Things I have implemented since reading that I have found to be helpful:
Weed Out My Feed If I haven’t talked to you in five years I’m sorry but I am removing you from my Facebook newsfeed (Here’s How). Before Facebook, there was no need for daily updates on that one guy I had a class with Sophomore year. That is unnecessary information taking up brain space.
Sunday Night Stylist On Sunday, I pick out five outfits and group them in my closet. Then during the busy workweek I have less decisions to make. Many successful CEOs wear the same thing everyday to forgo this energy-depleting decision – I don’t think I’m quite ready to adopt a Steve Jobs look – but this is a start. I also cleaned out my closet, donating any unused clothes (asking myself the question “Does this spark joy?” – from The Life-Changing Magic of Tidying Up). This way I am not wasting time looking through unnecessary options.
What’s a Girl “To Do”? Each work day I write in a notebook the date and list the things I want to accomplish, even if it is simply “email John”. I put a star by the things that absolutely have to be done. I put a check by each “to do” once I finish. Things that were not checked are moved down to the next day. This allows me to focus because I am not thinking in the back of my mind “don’t forget to do…!”.
Play Hard to Get With Email I see you email notification box, popping up in the right hand corner. I know you want me to click on you…but you will have to wait. Levitin writes, “If you’re checking email every five minutes, you’re checking it 200 times during the waking day”. When I receive email, the impulsive side of my brain wants to see what it is! My new rule: I devote my attention to what I am doing at the time. Then, when I am done or made progress, I will take a break to check email. When I check that email, I make an effort to address it that moment and then delete or send it to a categorized folder.

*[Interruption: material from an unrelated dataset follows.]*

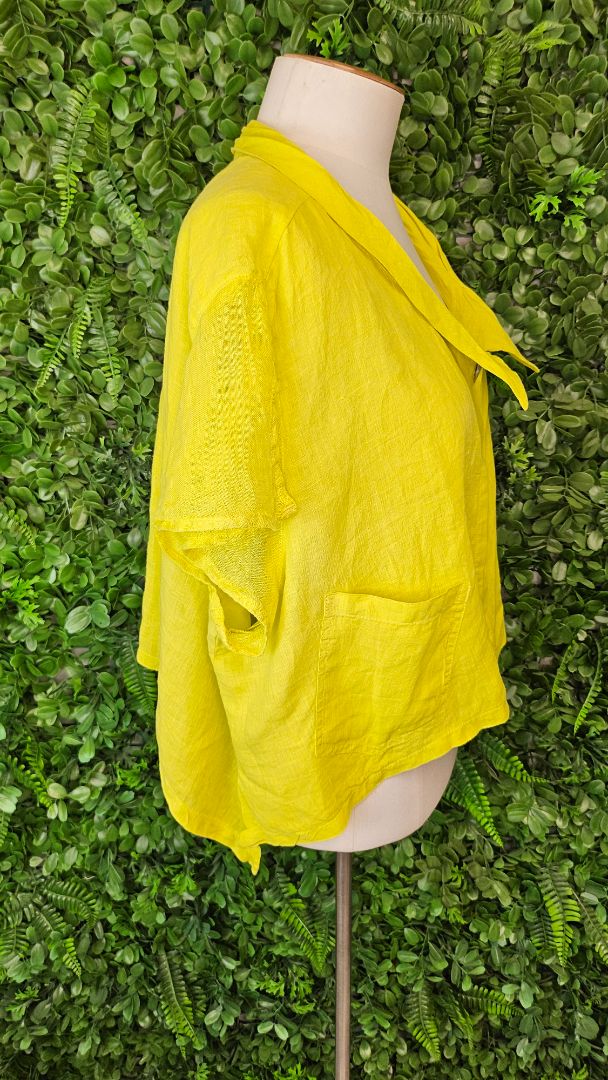Banana Blue Yellow Linen Crop Jacket (16)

R-E-S-P-E-C-T My S-L-E-E-P I view sleep or laying down as a time to “reset” my brain. I used to get frustrated when I couldn’t fall asleep. Now, I approach that time with respect and consider it nourishment I am giving to my mind. Even if I am not asleep, my brain is still benefitting from having the chance to relax and wander. I feel less frustration when I view it in this beneficial way and I actually fall asleep easier because I am not stressed.
What are some strategies you use to keep your mind organized?